» **Input for this task**

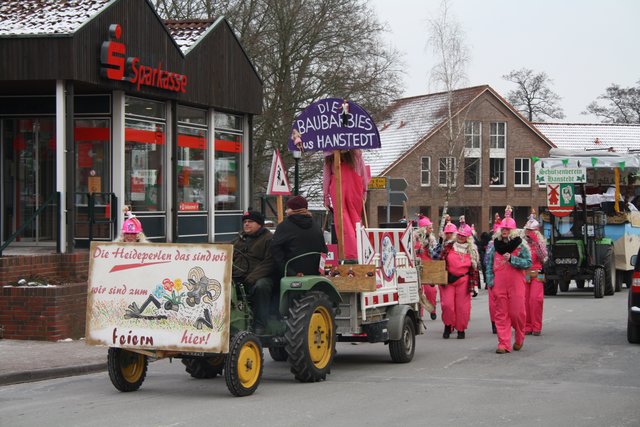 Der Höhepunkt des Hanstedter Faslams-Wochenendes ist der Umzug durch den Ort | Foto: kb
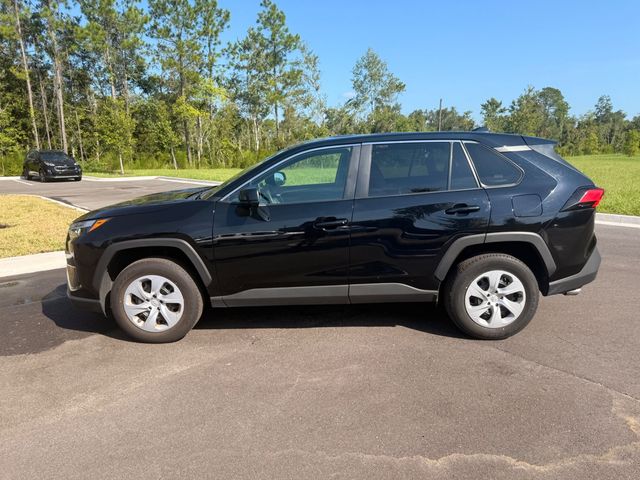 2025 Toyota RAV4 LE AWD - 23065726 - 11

---

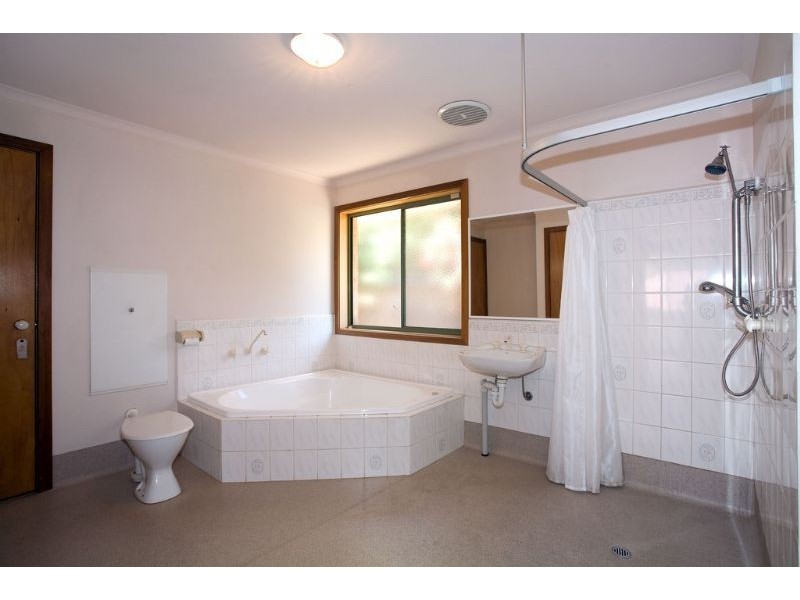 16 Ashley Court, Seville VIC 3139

--

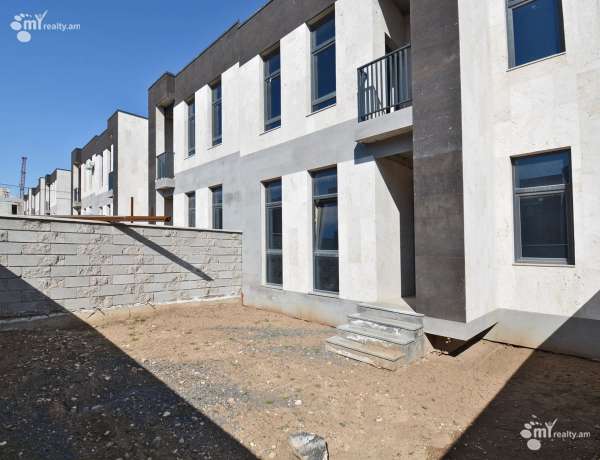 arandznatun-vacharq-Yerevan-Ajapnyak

» **What you need to do**
From the records above, copy only the lines running from the line holding "Der Höhepunkt des" through the line holding "2025 Toyota RAV4 LE AWD - 23065726 - 11", with no pictures.

» **Response box**
 Der Höhepunkt des Hanstedter Faslams-Wochenendes ist der Umzug durch den Ort | Foto: kb
 2025 Toyota RAV4 LE AWD - 23065726 - 11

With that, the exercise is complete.